Anyway, just my two cents.

DeweyWhopper


----------



## Carmel85

DeweyWhopper said:


> Carmel85,  I love your passion for the Hyatt system.  And because of some of the info you have provided I even bought another 2,000 pt Hyatt week, bringing my total of Hyatt ponts to 4,200. So I appreciate all of your postings.
> 
> However, I find the tone of many of your posts quite confrontational.  Usually, you just provide great info.  But sometimes, like above, your tone and use of exclamation points makes you look like a cyber bully.  Maybe you are often being sarcastic, and I just can't tell.
> 
> 
> DeweyWhopper



DeweyWhopper,

Im not trying to be confrontational but I really get tired of NON Hyatt owners trying to down HYATT and not knowing the Hyatt system. Some people don't even want to take the time to learn about Hyatt or the Hyatt system.

NO Cyber bully here, I just want people to think before they speak about Hyatt especially NON Hyatt owners that do NOT have a clue.

Im sure you are glad you bought a total of 4200 points that is a perfect amount going forward.

Again sorry if I come across HARSH and that is why you are starting to see some of the top Hyatt Tug people not speaking so much on this board because we get tired of the BS which is said here about Hyatt on this board.

ENJOY HYATT!!!


----------



## PA-

Glintz has a right to his opinion, whether or not he's an owner.  Even if he's not fully knowledgeable about the Hyatt system.  Sounds to me like he's done his research and formed a valid opinion.  If I disagree with him, I'll debate the issue.  When we ban or drive away non-owners or those with alternate opinions from expressing their feelings, I'll find another board to discuss timeshares.  

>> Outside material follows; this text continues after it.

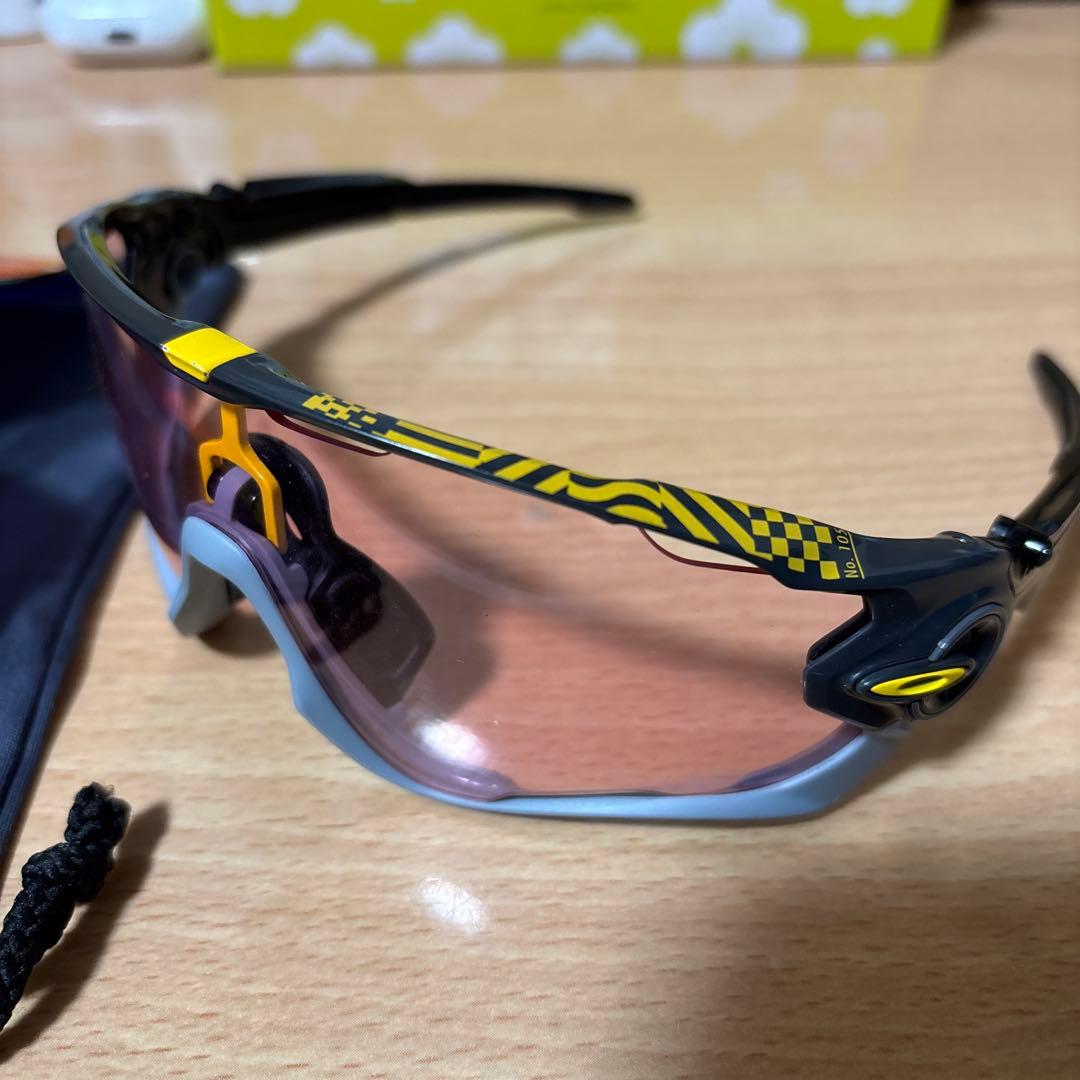 k*様 オークリー ジョウブレイカー レンズ2セット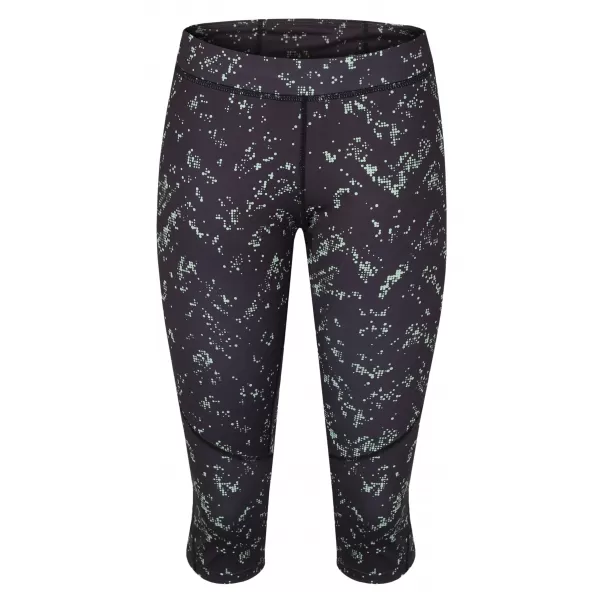  Jambiere 3/4 dama HANNAH RELAY ANTRACIT/VERDE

The Hyatt Vacation Club is a good system for some, and a bad system for others.  Without the ability to interact and ask questions, you'll never learn which it is for you.  Carmel's opinion is that it's great for everyone.  Anyone that questions that is humiliated and bashed.  Heck, even those that buy in at less than 2000 points is made to feel like they're an idiot.  I wish he would tone it down a lot.  There's others on this board that don't agree and wish he would stop dominating the conversation.


----------



## Carmel85

PA- said:


> Glintz has a right to his opinion, whether or not he's an owner.  Even if he's not fully knowledgeable about the Hyatt system.  Sounds to me like he's done his research and formed a valid opinion.  If I disagree with him, I'll debate the issue.  When we ban or drive away non-owners or those with alternate opinions from expressing their feelings, I'll find another board to discuss timeshares.
> 
> The Hyatt Vacation Club is a good system for some, and a bad system for others.  Without the ability to interact and ask questions, you'll never learn which it is for you.  Carmel's opinion is that it's great for everyone.  Anyone that questions that is humiliated and bashed.  Heck, even those that buy in at less than 2000 points is made to feel like they're an idiot.  I wish he would tone it down a lot.  There's others on this board that don't agree and wish he would stop dominating the conversation.



PA,

Dont worry I will not be speaking for a while, personally I might now even talk at all since it looks like your and other don't need my info.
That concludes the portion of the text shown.